Stored dataset items:
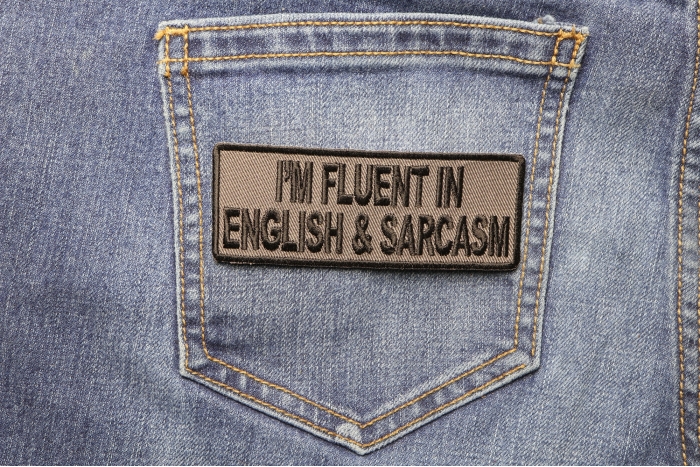 I'm Fluent In English and Sarcasm Funny Iron on Patch shown on jeans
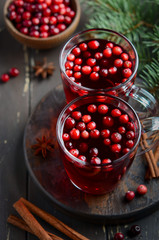 Cranberry Drink on Wooden Background with Fir Branches, Spices and Fresh Berries
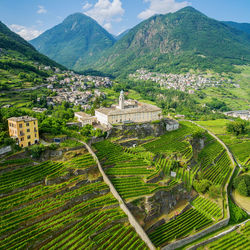 High angle view of agricultural field and buildings against sky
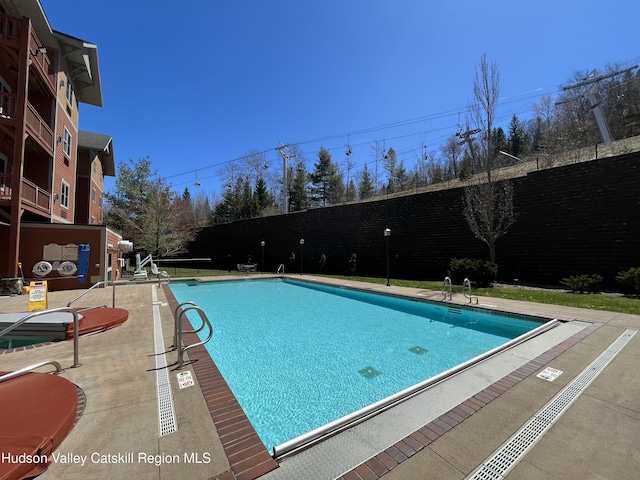 82 Liftside Dr Unit A13, Hunter, NY 12442 - community pool with a fenced backyard and a patio area
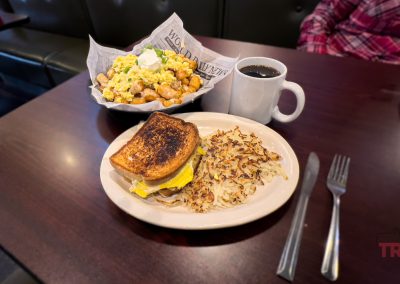 A breakfast table at The Wooden Nickel with a plate of hash browns and a sandwich, a bowl of scrambled eggs with tater tots, a mug of coffee, utensils, and a person in a red plaid shirt seated at the booth.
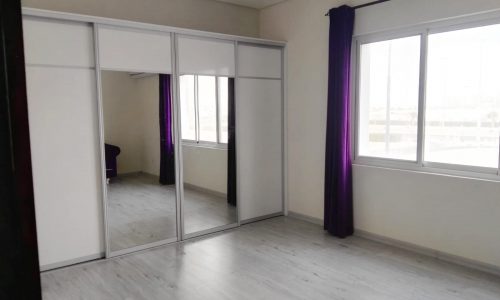 Luxury Villa for Sale: A lavishly appointed room with purple curtains and a spacious closet.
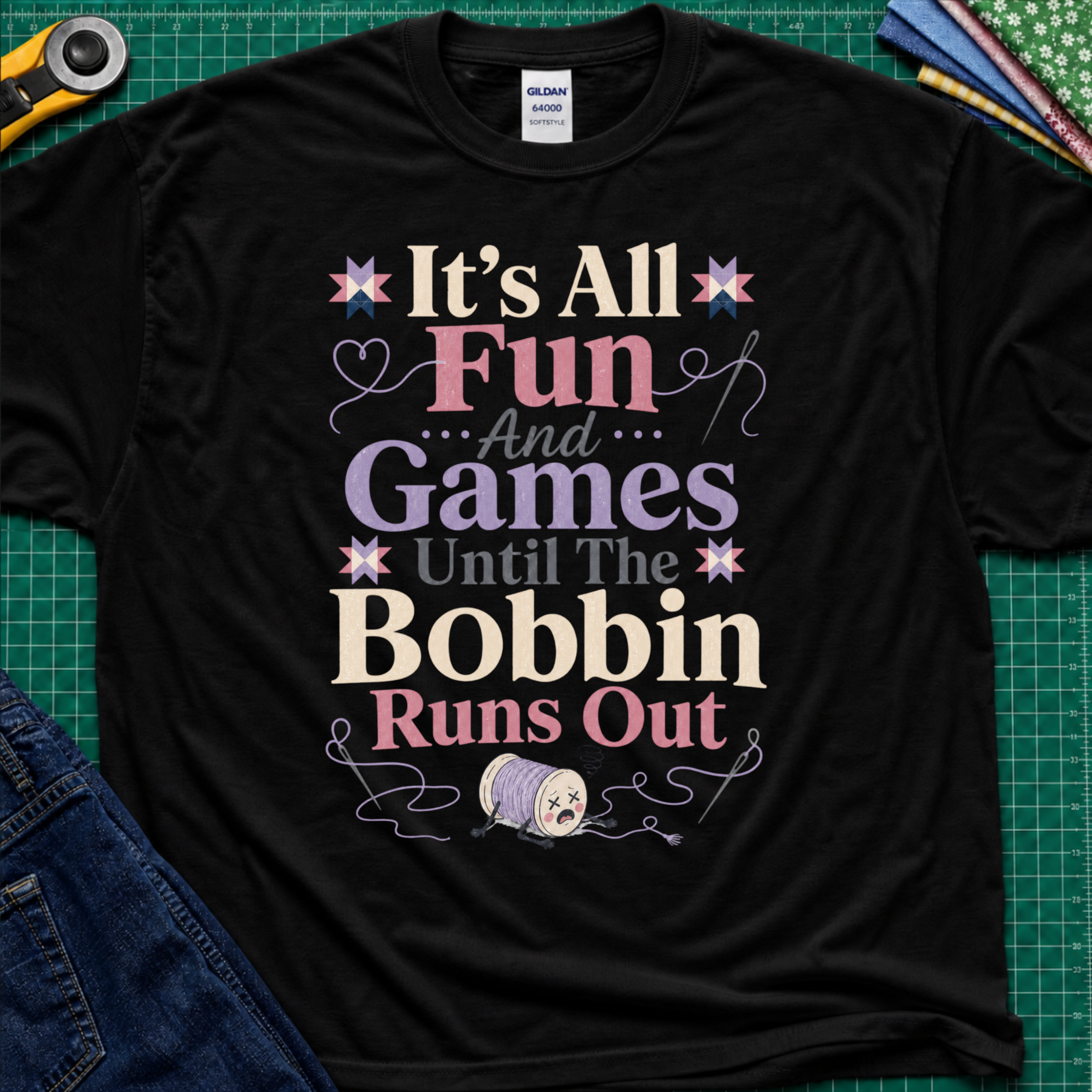 A black Gildan t-shirt with a colorful graphic print reading 'It's All Fun And Games Until The Bobbin Runs Out' in pink, purple, and cream lettering, styled flat on a green cutting mat with sewing tools and denim jeans.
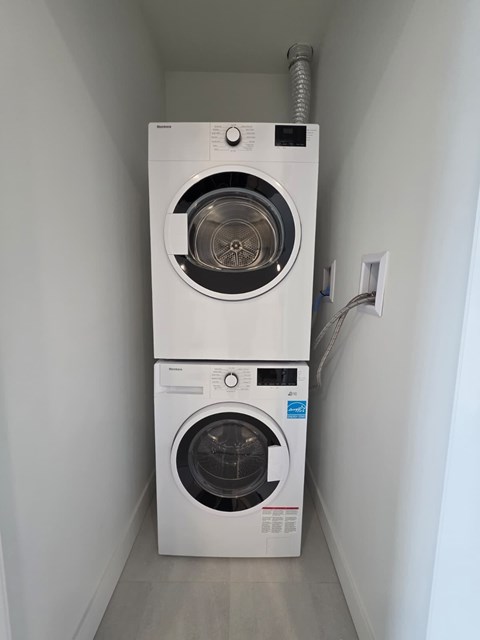 Two front loading washing machines in a narrow laundry room.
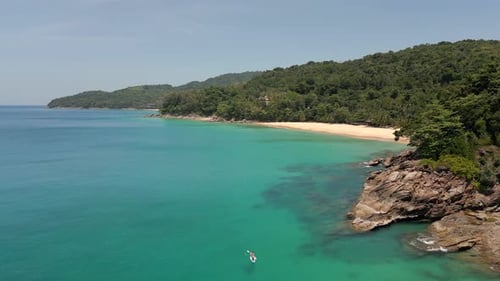 Tropical Beach with White Sand and Tourist on Paddle Board on Turquoise Water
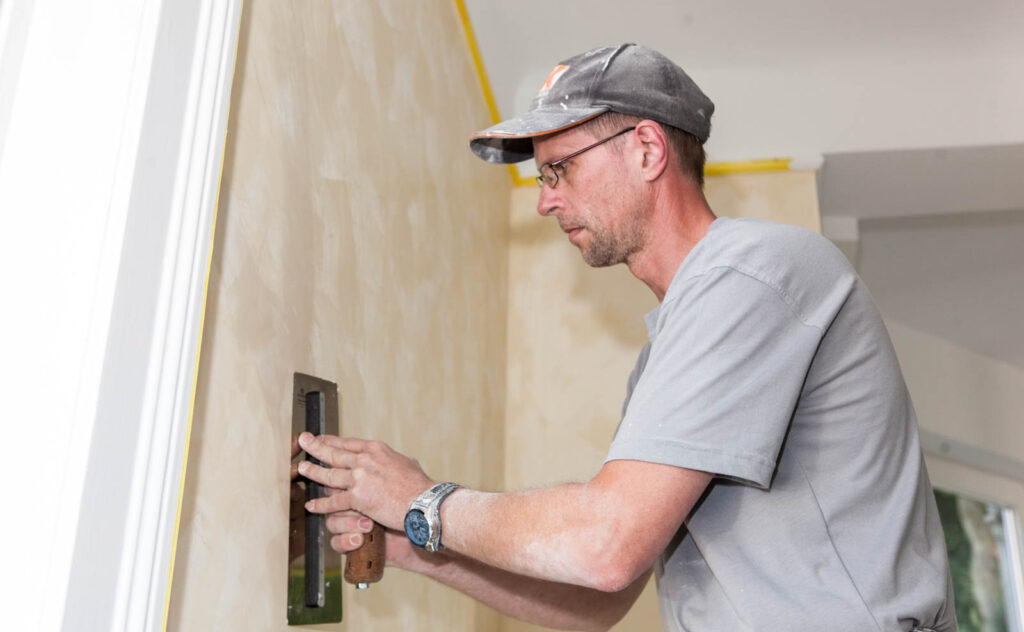 Malerarbeiten - Handwerker bearbeitet Wand mit Werkzeug.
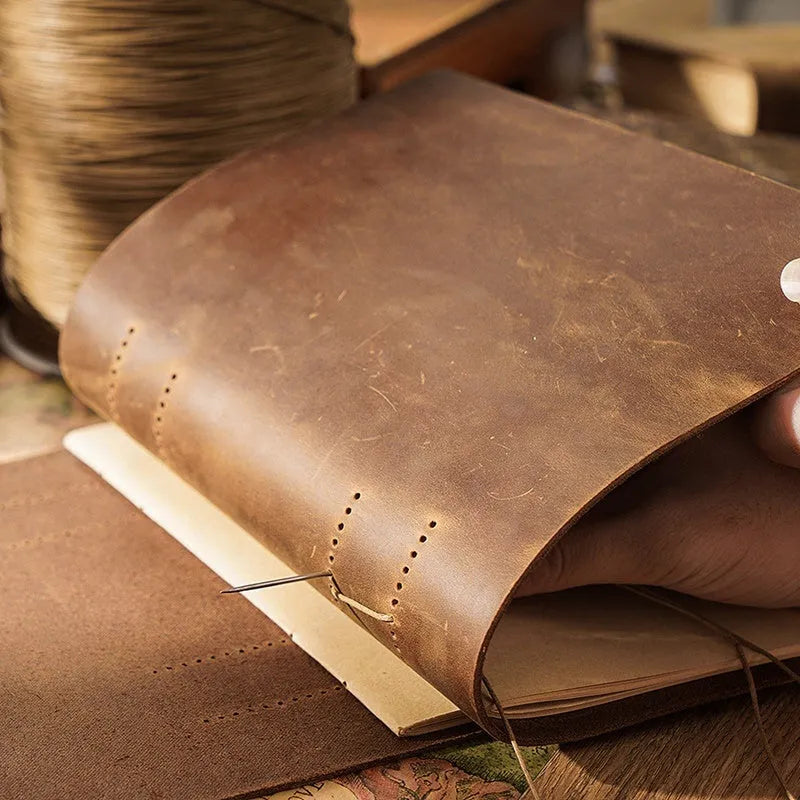 Brown crazy horse leather handmade notebook open on a wooden surface showing 200 pages of Daolin paper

### Activity
The reply must consist of the records, repeated exactly, minus any images.

### Answer area
 I'm Fluent In English and Sarcasm Funny Iron on Patch shown on jeans
 Cranberry Drink on Wooden Background with Fir Branches, Spices and Fresh Berries
 High angle view of agricultural field and buildings against sky
 82 Liftside Dr Unit A13, Hunter, NY 12442 - community pool with a fenced backyard and a patio area
 A breakfast table at The Wooden Nickel with a plate of hash browns and a sandwich, a bowl of scrambled eggs with tater tots, a mug of coffee, utensils, and a person in a red plaid shirt seated at the booth.
 Luxury Villa for Sale: A lavishly appointed room with purple curtains and a spacious closet.
 A black Gildan t-shirt with a colorful graphic print reading 'It's All Fun And Games Until The Bobbin Runs Out' in pink, purple, and cream lettering, styled flat on a green cutting mat with sewing tools and denim jeans.
 Two front loading washing machines in a narrow laundry room.
 Tropical Beach with White Sand and Tourist on Paddle Board on Turquoise Water
 Malerarbeiten - Handwerker bearbeitet Wand mit Werkzeug.
 Brown crazy horse leather handmade notebook open on a wooden surface showing 200 pages of Daolin paper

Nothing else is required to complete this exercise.